TAO (Train Adapt Optimize) Toolkit is a python based AI toolkit that's built on TensorFlow and PyTorch. It provides transfer learning capability to adapt popular neural network architectures and backbones to your data, allowing you to train, fine-tune, prune, quantize and export highly optimized and accurate AI models for edge deployment.
The purpose built pre-trained models accelerate the AI training process and reduce costs associated with large scale data collection, labeling, and training models from scratch. Transfer learning with pre-trained models can be used for AI applications in smart cities, retail, healthcare, industrial inspection and more. TAO supports training for CV, 3D Point cloud, ASR, NLP and TTS modalities.
TAO Toolkit packages a collection of containers, python wheels, models and helm chart. AI training tasks run either on TensorFlow or PyTorch depending upon the entrypoint for the model.
For deployment, TAO models can be deployed to DeepStream for video analytics applications, Riva for Conversational AI applications or Triton for inference serving use cases.
All containers needed to run TAO can be pulled from this location.
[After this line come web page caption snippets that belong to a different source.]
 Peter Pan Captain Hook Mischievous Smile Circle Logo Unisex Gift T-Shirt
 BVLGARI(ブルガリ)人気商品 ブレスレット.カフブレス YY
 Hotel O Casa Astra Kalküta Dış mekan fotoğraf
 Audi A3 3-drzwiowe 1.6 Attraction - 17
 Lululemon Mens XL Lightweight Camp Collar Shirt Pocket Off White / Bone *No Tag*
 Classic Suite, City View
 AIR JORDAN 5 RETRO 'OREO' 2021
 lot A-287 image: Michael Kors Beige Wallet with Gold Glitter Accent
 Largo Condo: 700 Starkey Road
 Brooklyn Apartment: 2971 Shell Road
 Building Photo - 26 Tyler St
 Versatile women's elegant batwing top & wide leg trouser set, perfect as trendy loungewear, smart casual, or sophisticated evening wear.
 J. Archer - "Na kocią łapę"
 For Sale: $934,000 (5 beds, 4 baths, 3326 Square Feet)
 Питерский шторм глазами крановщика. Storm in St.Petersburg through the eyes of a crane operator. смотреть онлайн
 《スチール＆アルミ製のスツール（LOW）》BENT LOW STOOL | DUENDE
See the list below for all available containers in this registry.
|TAO Container Type||container_name:tag||What's it used for?|
|TAO TensorFlow v1 container||nvcr.io/nvidia/tao/tao-toolkit:4.0.0-tf1.15.5||Older CV networks like YOLOs, FasterRCNN, DetectNet_v2, MaskRCNN, UNET and more|
|TAO TensorFlow v2 container||nvcr.io/nvidia/tao/tao-toolkit:4.0.0-tf2.9.1||CV networks like EfficientDet, EfficientNet and more|
|TAO PyTorch container||nvcr.io/nvidia/tao/tao-toolkit:4.0.0-pyt||Newer CV networks like Deformable-DETR, SegFormer and more as well as all ConvAI networks|
|TAO Deploy container||nvcr.io/nvidia/tao/tao-toolkit:4.0.0-deploy||Container used to TensorRT engine, INT8 calibration from a trained TAO model and evaluation on said TensorRT engine|
|TAO API container||nvcr.io/nvidia/tao/tao-toolkit:4.0.0-api||Front-end services container that can be used to host a TAO REST API server for remote execution of model training tasks. Useful for building higher level services|
There are 4 ways to run TAO depending on user preference and their setup. See the full list below.
More information about each of the different ways and the Jupyter notebooks can be found in the TAO Getting Started Resources
The TAO Launcher is a lightweight Python based CLI to run TAO. The launcher basically acts as a front-end for the multiple TAO Toolkit containers built on both PyTorch and Tensorflow. The multiple containers essentially get launched automatically based on the type of model you plan to use for your computer vision or conversational AI use-cases.
To get started, use the startup script and instructions from TAO Getting Started Resources
Users have option to also run TAO directly using the docker container. To use container directly, user needs to know which container to pull. There are multiple containers under TAO, and depending on the model that you want to train you will need to pull the appropriate container. This is not required when using the Launcher CLI.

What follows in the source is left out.